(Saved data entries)
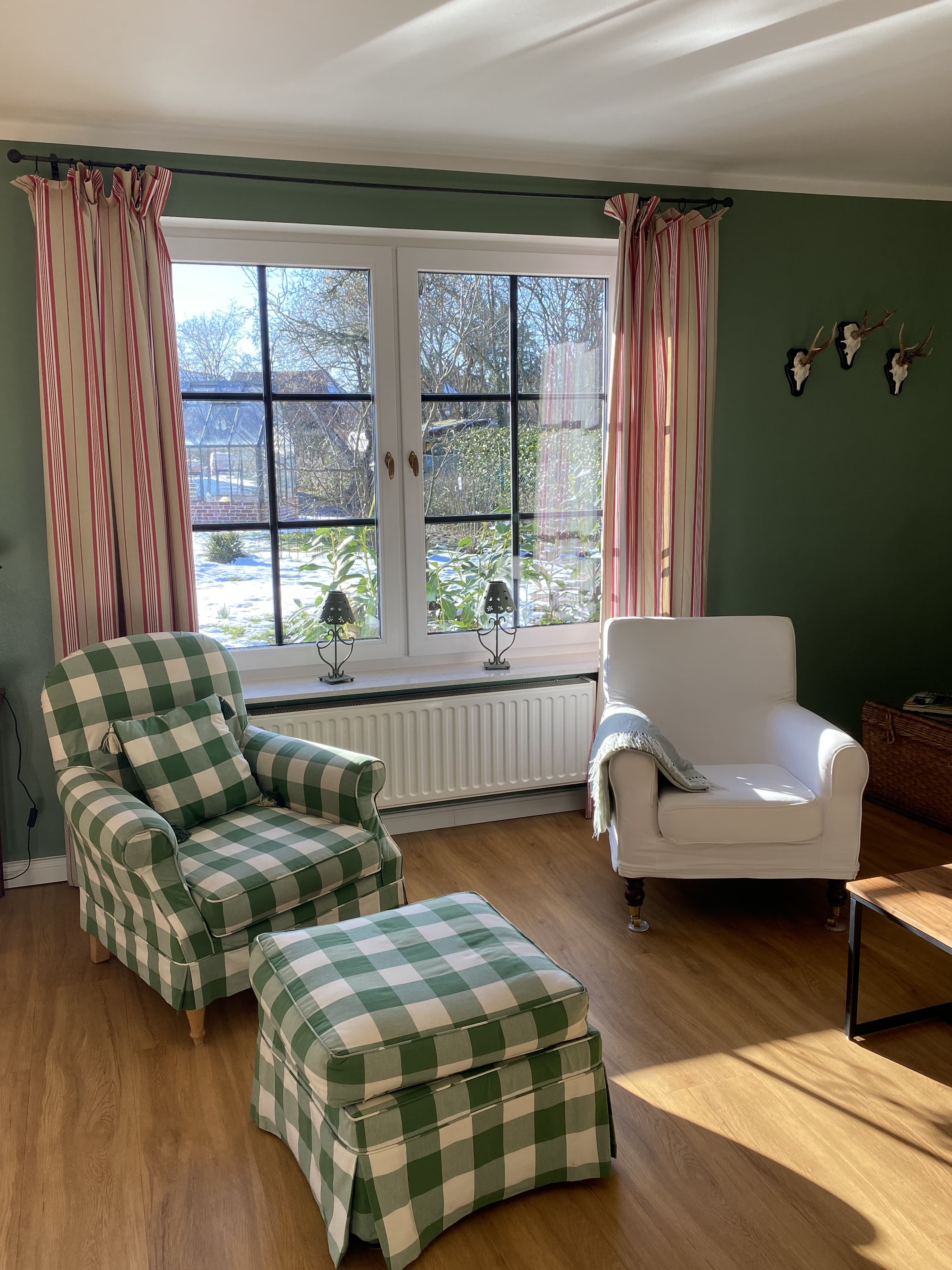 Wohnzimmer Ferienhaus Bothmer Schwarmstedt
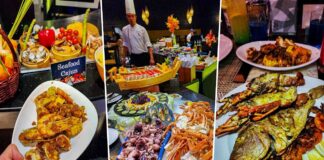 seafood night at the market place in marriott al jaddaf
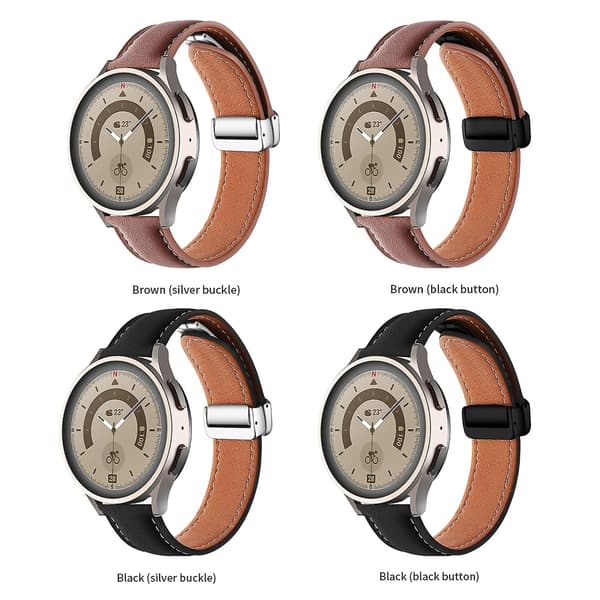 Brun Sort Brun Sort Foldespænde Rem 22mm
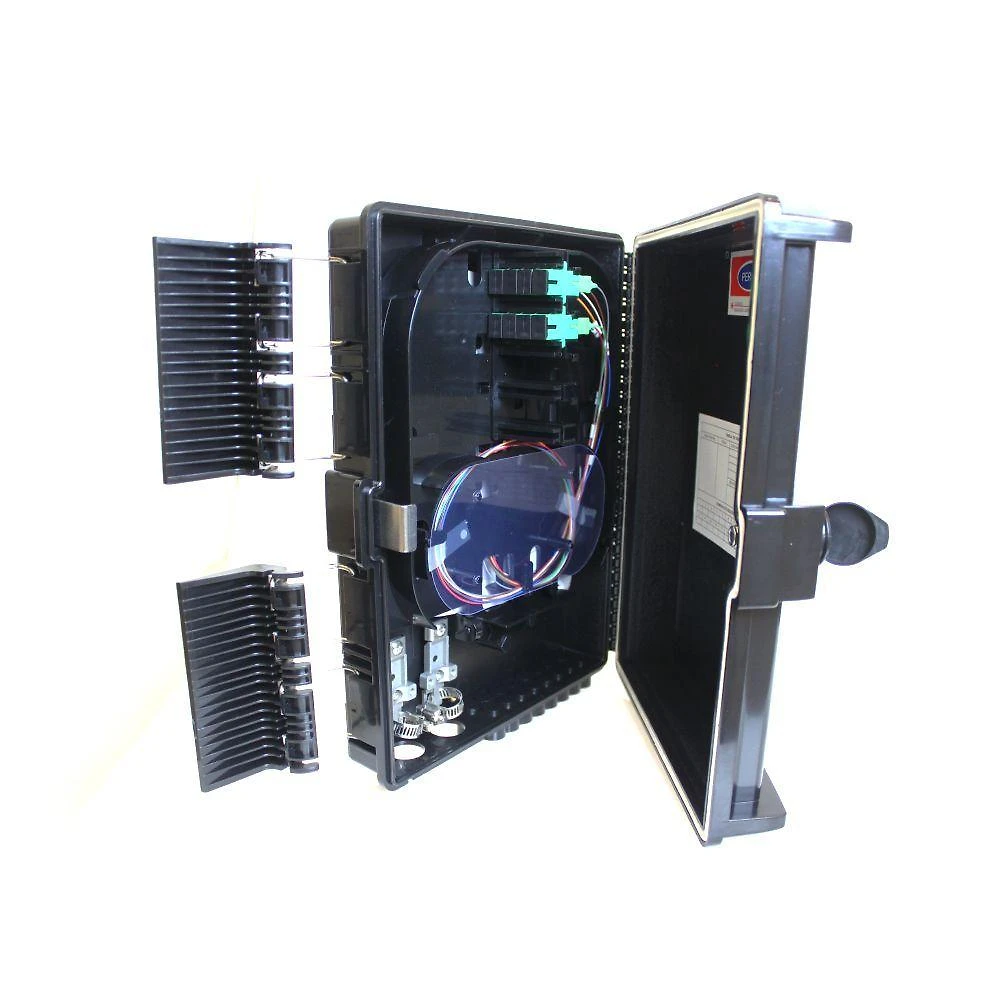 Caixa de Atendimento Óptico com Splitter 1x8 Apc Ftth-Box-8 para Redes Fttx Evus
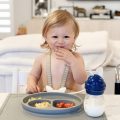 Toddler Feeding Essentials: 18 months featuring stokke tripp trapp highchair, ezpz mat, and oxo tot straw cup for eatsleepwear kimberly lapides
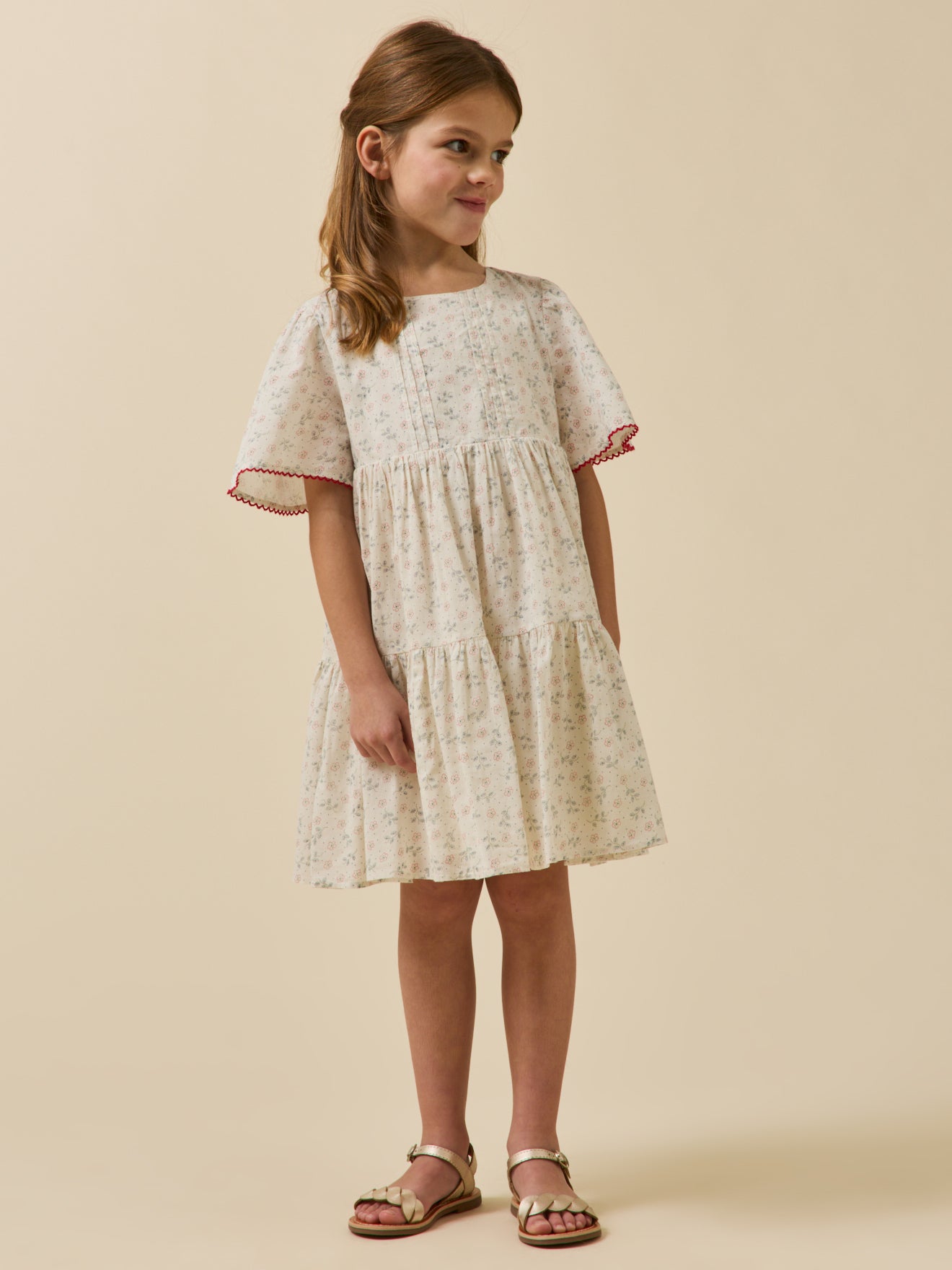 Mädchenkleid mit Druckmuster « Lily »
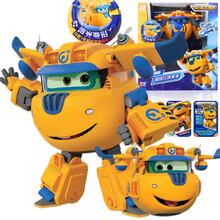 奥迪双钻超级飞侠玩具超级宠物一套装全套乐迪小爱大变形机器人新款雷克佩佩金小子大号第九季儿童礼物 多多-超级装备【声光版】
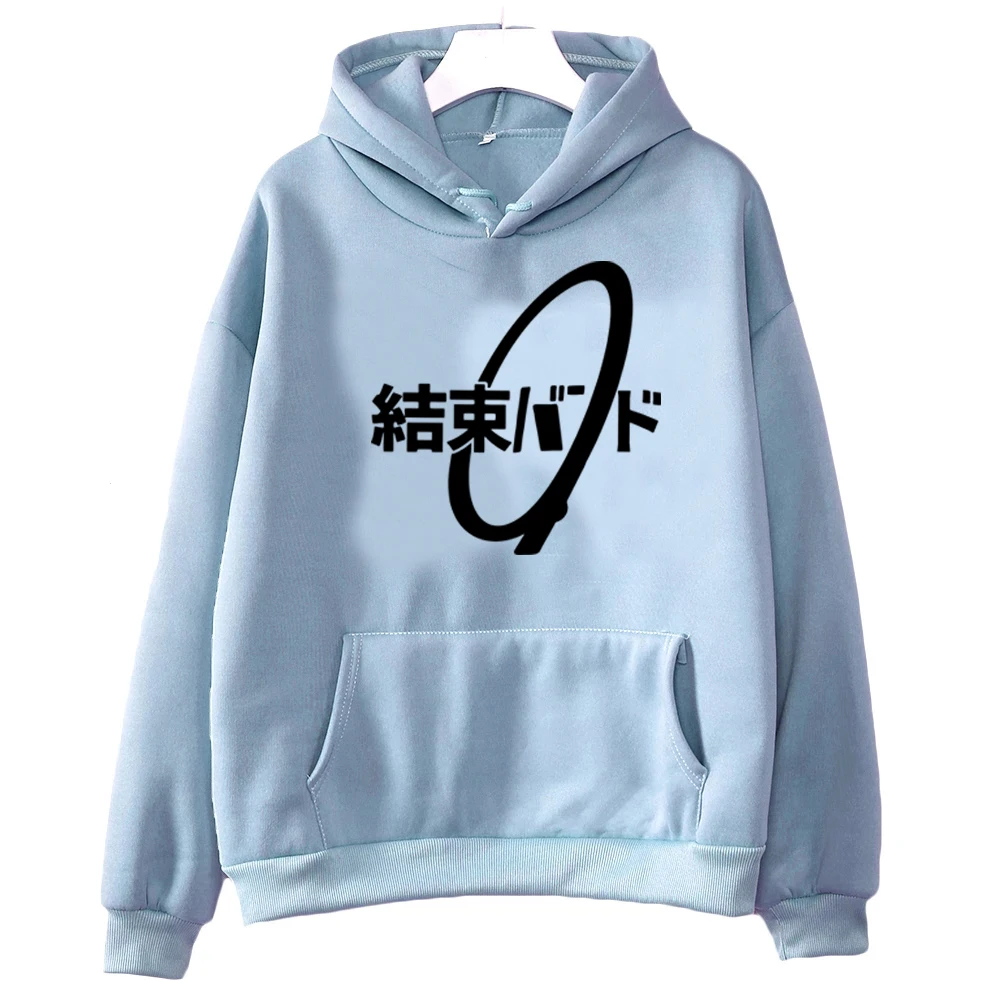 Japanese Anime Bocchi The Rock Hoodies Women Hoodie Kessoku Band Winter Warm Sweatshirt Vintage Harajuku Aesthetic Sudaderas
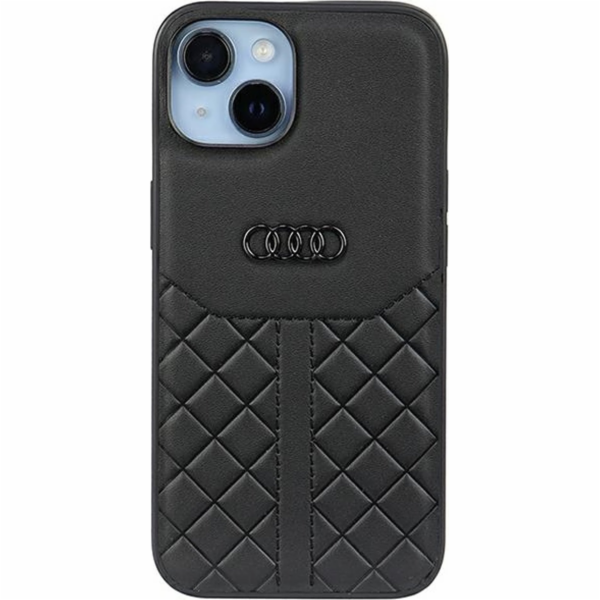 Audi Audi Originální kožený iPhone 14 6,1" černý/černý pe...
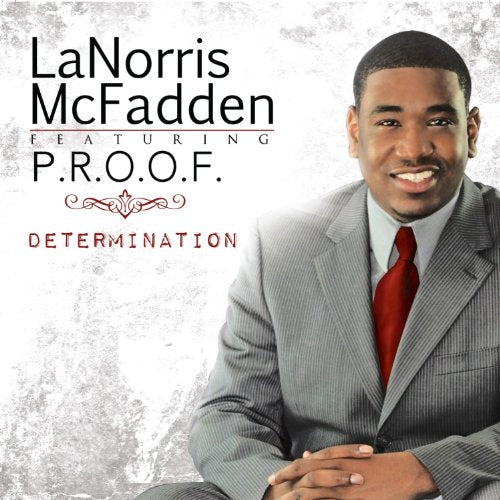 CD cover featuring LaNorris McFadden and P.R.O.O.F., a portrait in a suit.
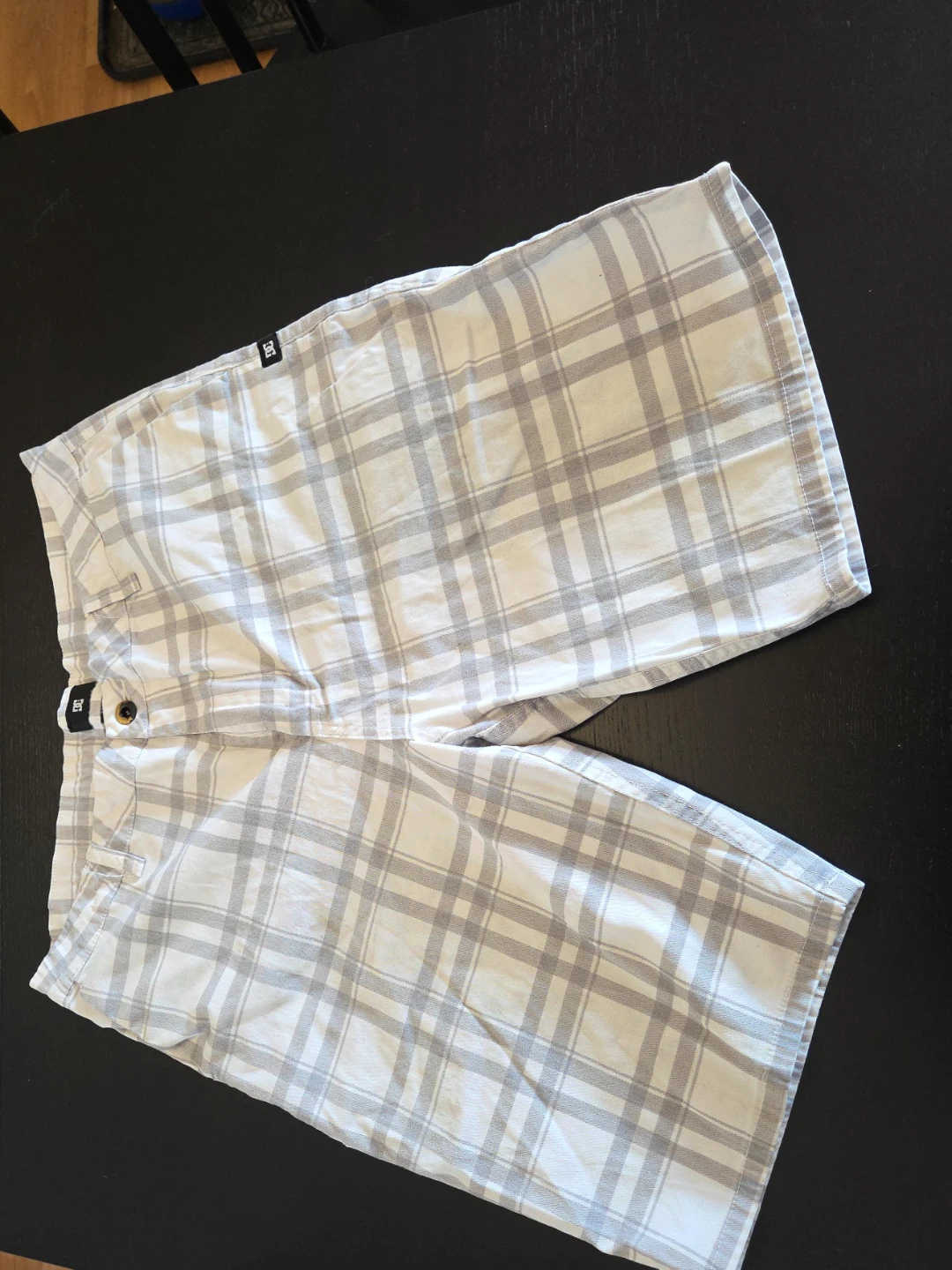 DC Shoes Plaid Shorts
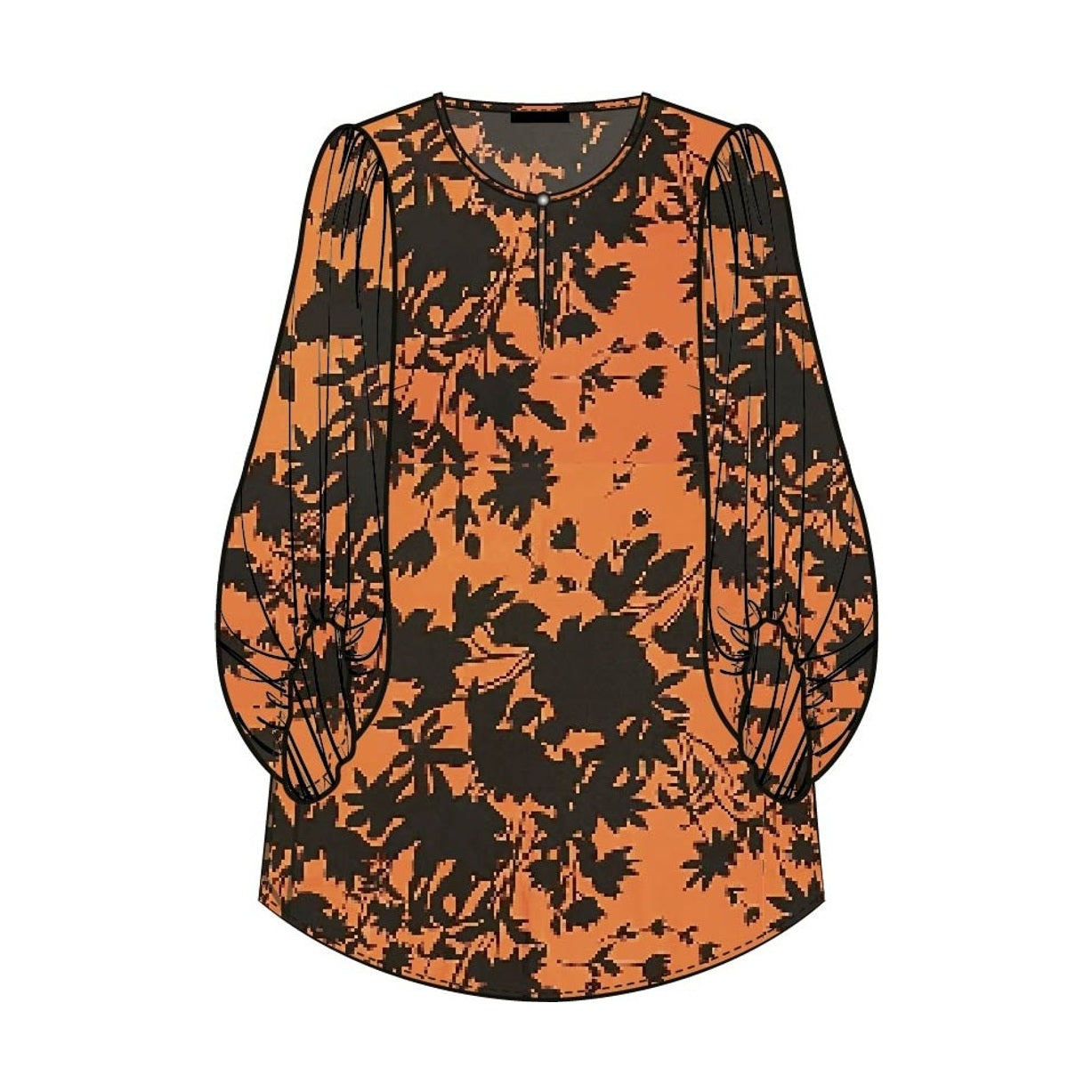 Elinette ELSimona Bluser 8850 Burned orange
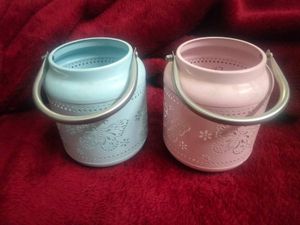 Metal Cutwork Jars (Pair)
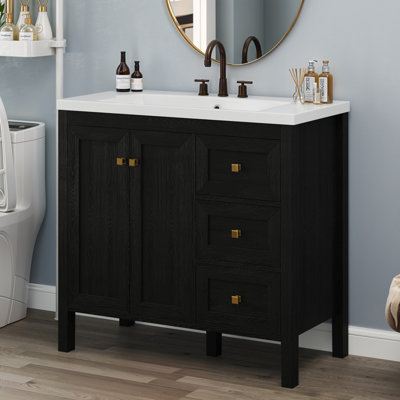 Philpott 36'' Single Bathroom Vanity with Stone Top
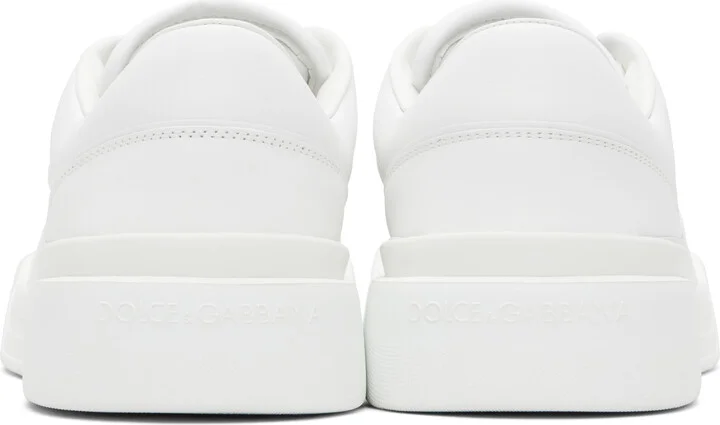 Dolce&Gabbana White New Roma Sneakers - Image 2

YOUR INSTRUCTIONS: Only lines from the one holding "Philpott 36'' Single" through the last line of the entries above are wanted, both ends included, each retyped exactly; no pictures.

FINISHED TASK:
 Philpott 36'' Single Bathroom Vanity with Stone Top
 Dolce&Gabbana White New Roma Sneakers - Image 2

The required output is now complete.